1935 год

Лучший в мире


Джордж Морган, американский инженер на метро

Итак первая очередь начатого по инициативе тов. Сталина строительства метрополитена в Москве закончена за исключением второстепенных деталей отделки. Обещание Московского комитета партии дать населению города Москвы лучший в мире метро целиком выполнено. В этом можно убедиться, если сравнить московский метрополитен с метро в крупных заграничных центрах.

Сравнивая московский метрополитен с заграничными по основным признакам сооружения, мы можем констатировать следующее:

1. Нигде нет таких благоприятных радиусов закруглений и уклонов, как на московском метро.

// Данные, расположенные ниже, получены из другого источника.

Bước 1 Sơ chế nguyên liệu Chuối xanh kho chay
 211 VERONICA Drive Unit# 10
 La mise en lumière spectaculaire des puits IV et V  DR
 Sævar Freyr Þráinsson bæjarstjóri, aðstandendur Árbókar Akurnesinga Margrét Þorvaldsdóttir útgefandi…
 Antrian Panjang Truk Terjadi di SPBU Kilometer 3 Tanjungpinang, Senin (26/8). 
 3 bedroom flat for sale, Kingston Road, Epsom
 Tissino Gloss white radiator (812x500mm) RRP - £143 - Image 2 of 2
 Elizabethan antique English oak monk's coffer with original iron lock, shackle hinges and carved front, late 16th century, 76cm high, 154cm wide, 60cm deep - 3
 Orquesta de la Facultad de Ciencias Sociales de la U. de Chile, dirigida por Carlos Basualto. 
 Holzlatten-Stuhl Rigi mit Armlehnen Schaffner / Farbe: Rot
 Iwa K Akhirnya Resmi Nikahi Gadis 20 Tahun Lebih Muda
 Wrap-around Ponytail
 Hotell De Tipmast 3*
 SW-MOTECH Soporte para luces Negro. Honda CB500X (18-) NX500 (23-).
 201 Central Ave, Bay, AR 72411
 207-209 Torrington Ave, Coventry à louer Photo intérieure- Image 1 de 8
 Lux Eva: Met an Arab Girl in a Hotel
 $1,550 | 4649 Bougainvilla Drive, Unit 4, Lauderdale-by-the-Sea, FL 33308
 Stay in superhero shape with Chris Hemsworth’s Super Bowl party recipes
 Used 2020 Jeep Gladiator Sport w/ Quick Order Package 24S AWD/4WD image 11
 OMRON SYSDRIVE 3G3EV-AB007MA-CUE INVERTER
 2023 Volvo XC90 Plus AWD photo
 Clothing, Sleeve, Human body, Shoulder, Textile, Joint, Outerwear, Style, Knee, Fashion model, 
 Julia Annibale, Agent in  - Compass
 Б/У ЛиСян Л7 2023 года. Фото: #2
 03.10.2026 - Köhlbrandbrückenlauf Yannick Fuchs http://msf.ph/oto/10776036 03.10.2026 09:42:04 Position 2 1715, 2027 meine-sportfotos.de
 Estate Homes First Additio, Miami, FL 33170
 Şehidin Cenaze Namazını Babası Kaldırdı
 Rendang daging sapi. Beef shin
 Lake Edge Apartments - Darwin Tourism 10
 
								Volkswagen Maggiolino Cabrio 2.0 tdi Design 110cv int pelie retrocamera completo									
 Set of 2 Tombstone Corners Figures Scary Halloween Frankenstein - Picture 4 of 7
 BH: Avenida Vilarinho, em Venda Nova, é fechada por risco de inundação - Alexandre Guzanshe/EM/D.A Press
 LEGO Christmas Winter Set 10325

Это обстоятельство обеспечивает безопасность и быстроту движения подземных поездов. Пассажиры не терпят неудобств от толчков, их не раздражают лязг и скрипение колес при проходе поезда на неудобных кривых.

2. В Лондоне диаметр путовых тоннелей составляет 3,7 метра, в Нью-Йорке — 5,2 метра, а наибольший в Москве — 5,5 метра. Это дает возможность ввести более широкие и вместительные вагоны.

3. Все станции московского метро расположены на прямой линии, что обеспечивает безопасность для пассажира. За границей нередко станции расположены на кривой, поэтому между платформой и вагоном образуется широкая опасная щель, куда может попасть нога пассажира.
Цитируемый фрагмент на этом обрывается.